_Listed entries_
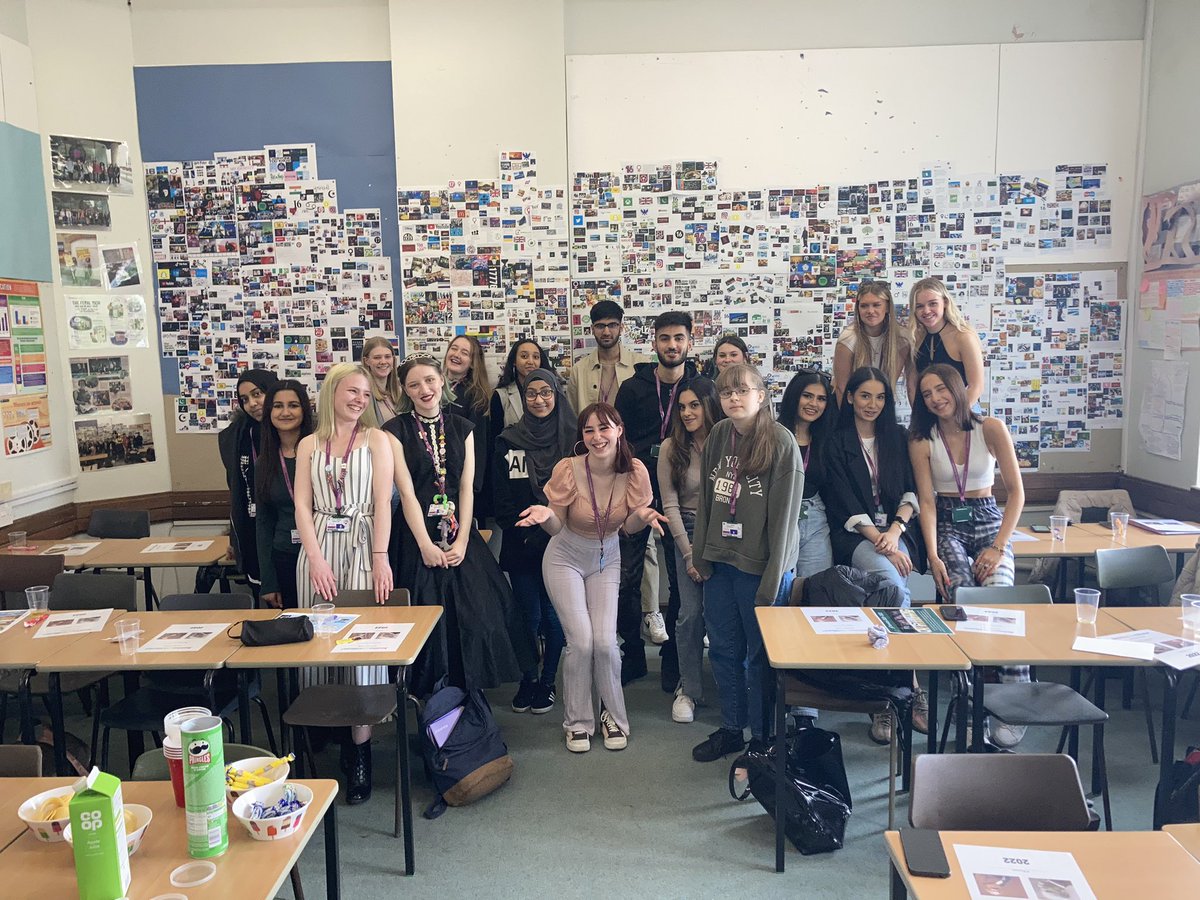 PippaPenningto2's tweet photo. @GreenheadCol @GreenheadSociol #leavers Goodbye my lovely second year class, you even let me play you some Madonna today! X https://t.co/oiQ5LHuIpQ
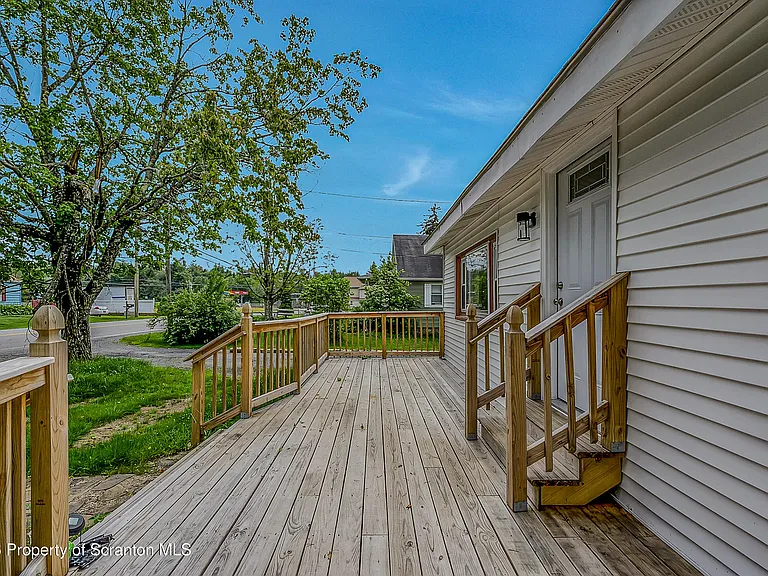664 Laurel Dr #FRONT — Photo 5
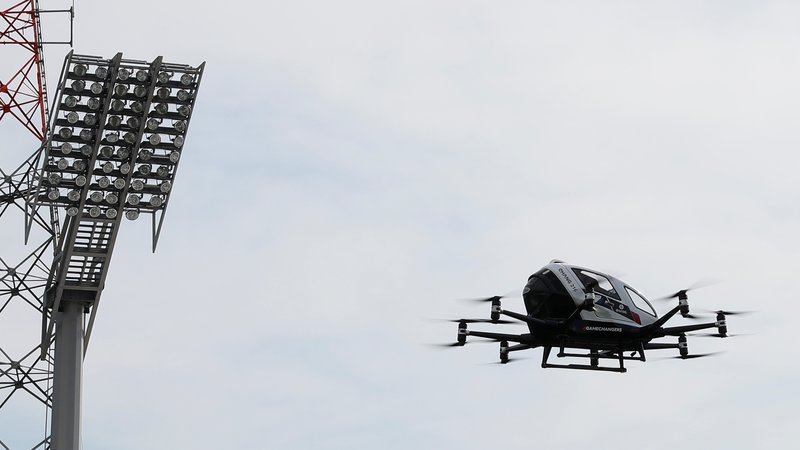 Fotografija: Za zakonsko ureditev so se odločili, ker se uporaba dronov povečuje, vse več pa je tudi z njimi povezanih incidentov. Reuters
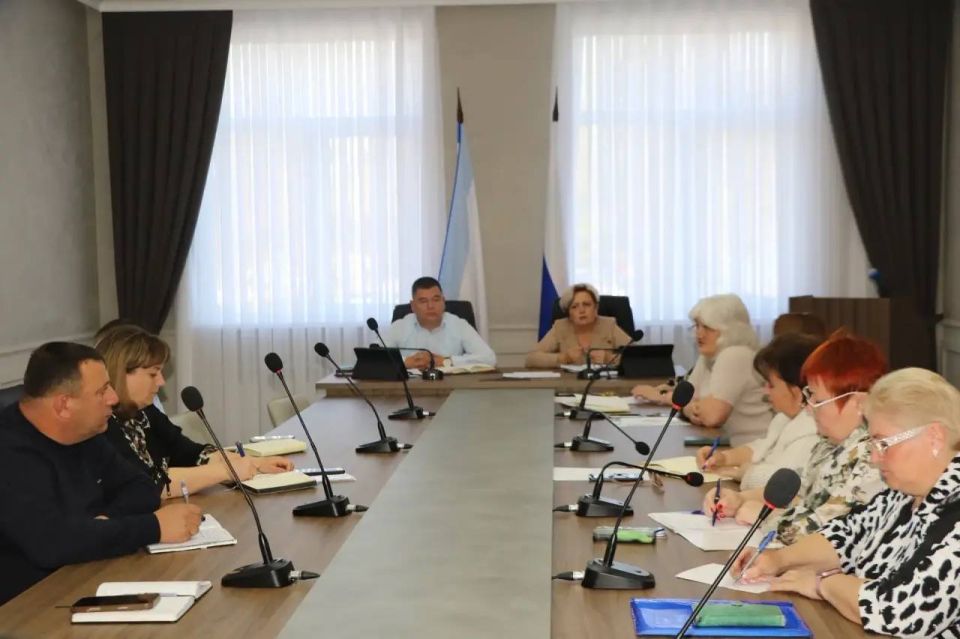 Ольга Урайкина: Сегодня в администрации Бахчисарайского района состоялось совещание с главами администраций сельских поселений Ольга Урайкина: Сегодня в администрации Бахчисарайского района состоялось совещание с главами администраций сельских поселений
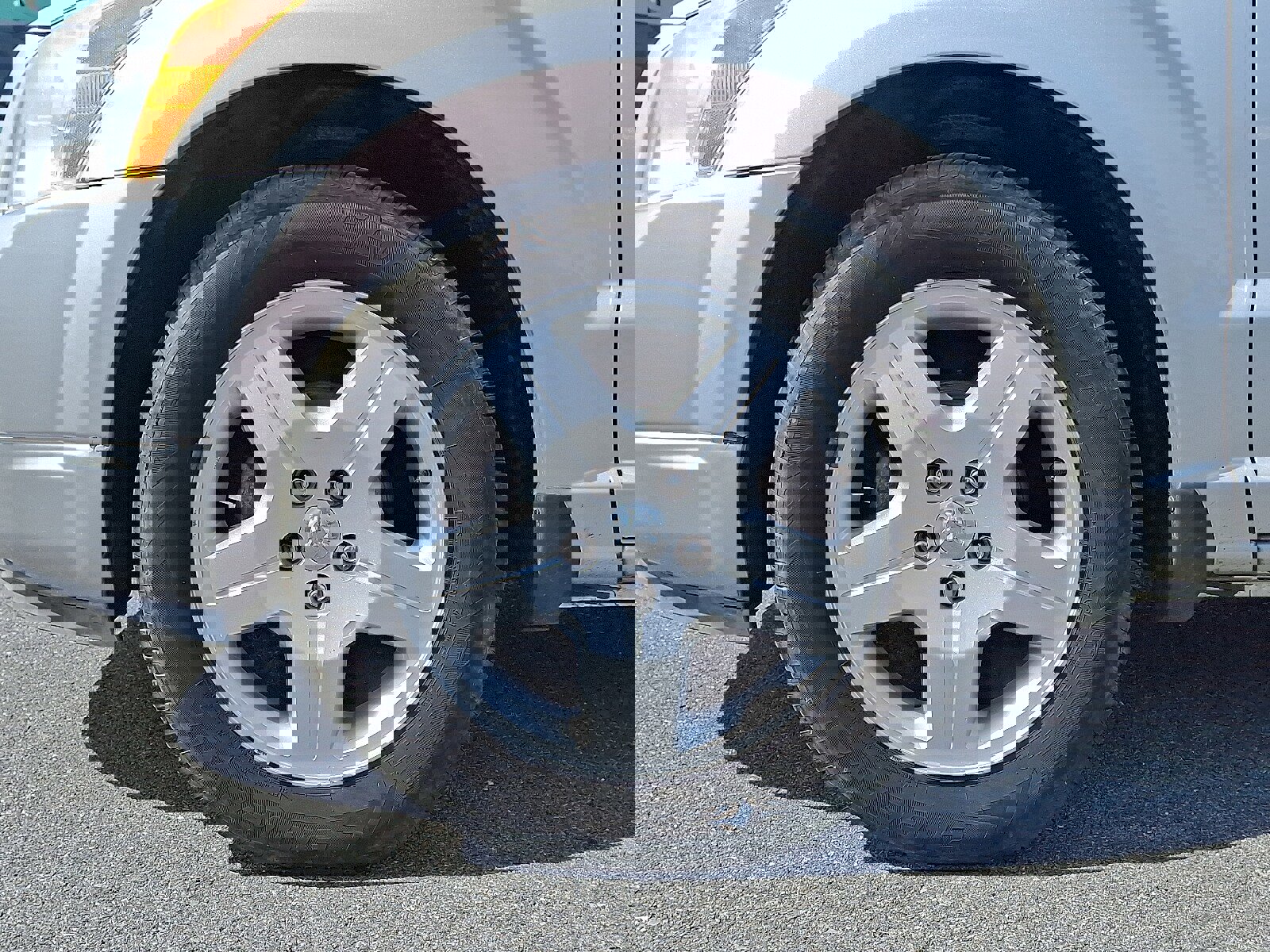 Used 2011 Dodge Caliber Express w/ 17" Aluminum Wheel Group image 9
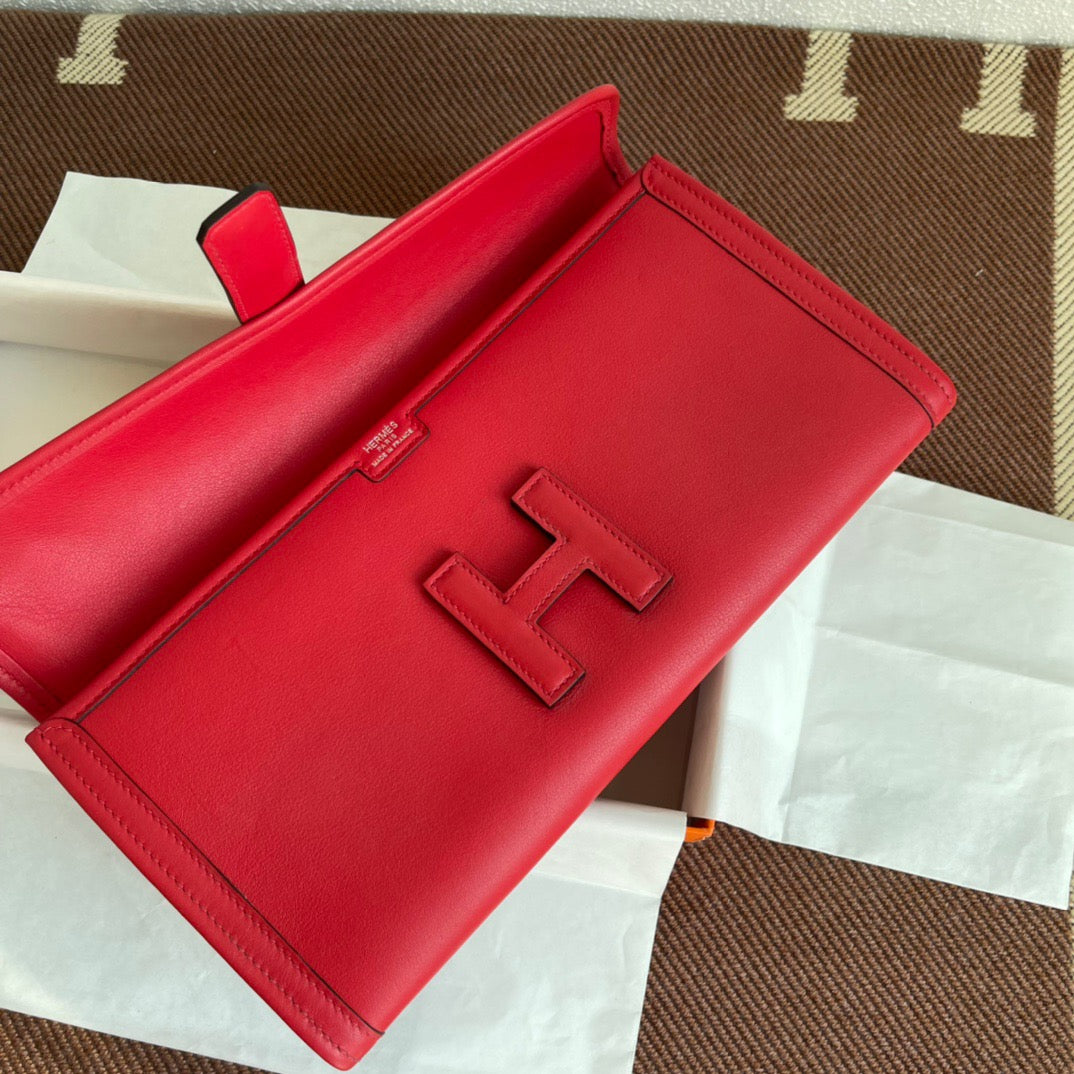 Hermes Jige Elan 29 Clutch Bag In Red Swift Leather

_What you are asked to do_
Restate only the lines running from the start of the material above through the line containing "Fotografija: Za zakonsko", ends included. No pictures.

_Written response_
 PippaPenningto2's tweet photo. @GreenheadCol @GreenheadSociol #leavers Goodbye my lovely second year class, you even let me play you some Madonna today! X https://t.co/oiQ5LHuIpQ
664 Laurel Dr #FRONT — Photo 5
 Fotografija: Za zakonsko ureditev so se odločili, ker se uporaba dronov povečuje, vse več pa je tudi z njimi povezanih incidentov. Reuters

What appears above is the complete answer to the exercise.